They averted their eyes.

Behind her sunglasses Angel studied the fleeting stares. Hi there. So look right through me.

Good.

See. Invisible.

So she tramped unnoticed down the main drag, left the shops behind, on past the historical society, past the patchy whitewashed walls of the old territorial prison and continued on, past Battle Hollow where a Sioux war party annihilated a Chippewa band in 1837.

Up the bluff the real estate took a nosedive where the city sewer stopped, and she arrived at the North End.

Angel took a left and climbed up a steep broken-asphalt street and into a gritty maze of ravines and gravel dead-end lanes. Her Goodwill camouflage blended right in with this little corner of Minnesota Appalachia. The yards had gone to seed, and weeds grew past the hubcaps of rusted cars hoisted on blocks. Paint peeled on the sagging trim and doorjambs of old frame houses. She paused in front of a house that tilted on its sinking foundations.
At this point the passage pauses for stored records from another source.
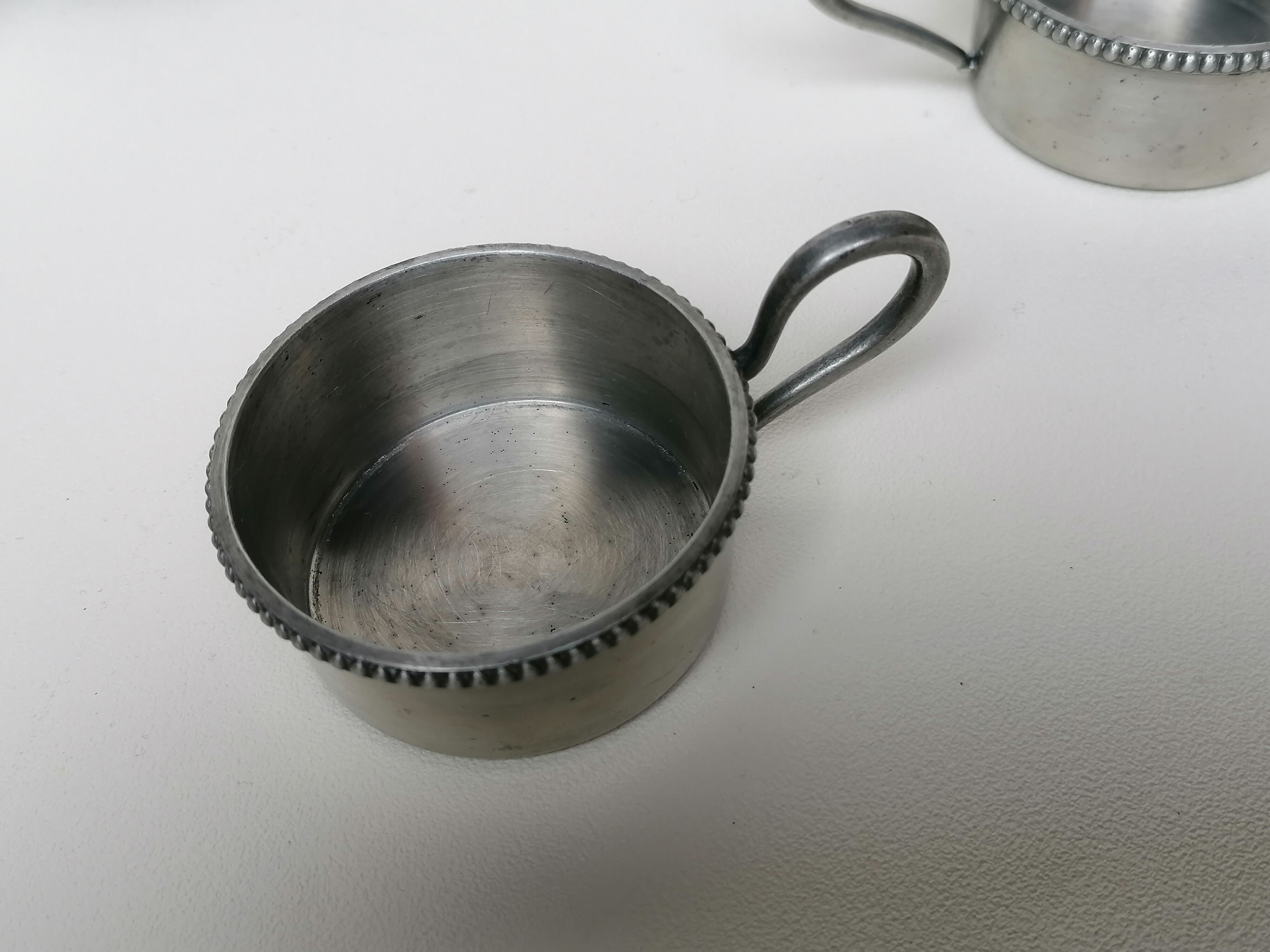 Set of 2 cups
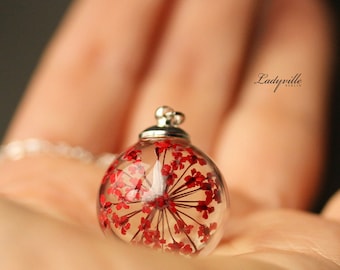 Chain Real Dill Flowers Red in Glass Ball / Flowers Jewelry / Gift for Them / Mother's Day Gift / Resin Jewelry Gift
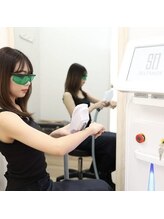 クイックアイズ セルフメイド 泉大津店(Quick Eyes SELFMADE)/セルフ脱毛器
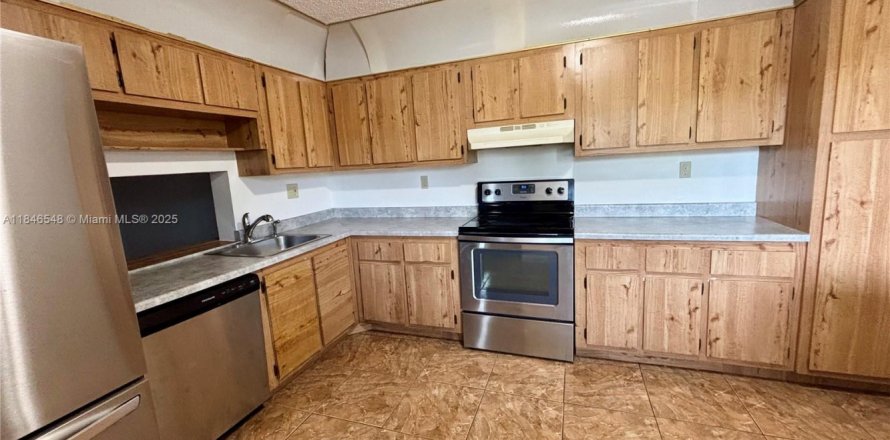 Touwnhouse à North Lauderdale, Floride 3 chambres, 149.76 m2 № 1845941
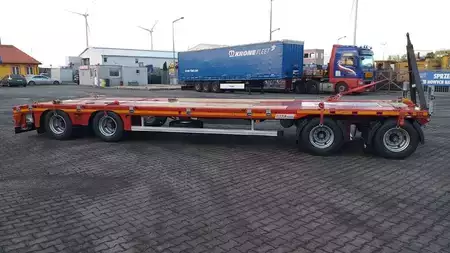 Ostatní 2026 MAX Trailer 4 osiowa przyczepa, najazdy hydrauliczne (2)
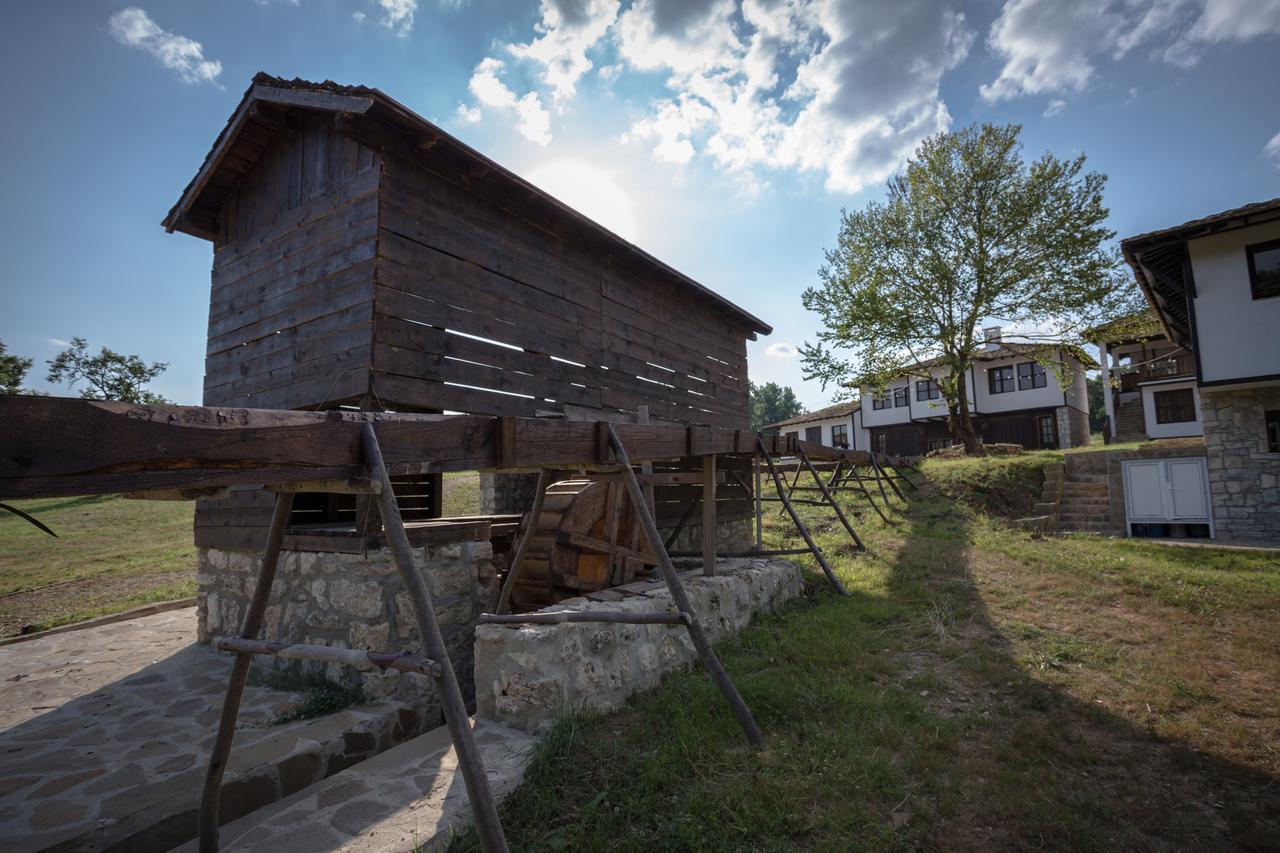 Ethnocomplex Krivini Hotel Exterior photo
The broad-shouldered man in the sleeveless Harley T-shirt sat on his slumping porch. Just like he had the last two evenings at this time. An overgrown vacant lot separated his house from the yard of St. Martin’s church.

She bent and adjusted the contents of her shopping bag so he could get a good look at her.

He wore tattoos, a red bandanna, and sweat. He was drinking a can of Pig’s Eye Ale. He watched Angel straighten up and plod through the listing wrought-iron gate and into the church grounds.

“Big ass,” he said as he mashed the empty can in his fist, dropped it, and went inside to avoid the sun.

Pleased, Angel turned her attention to the church.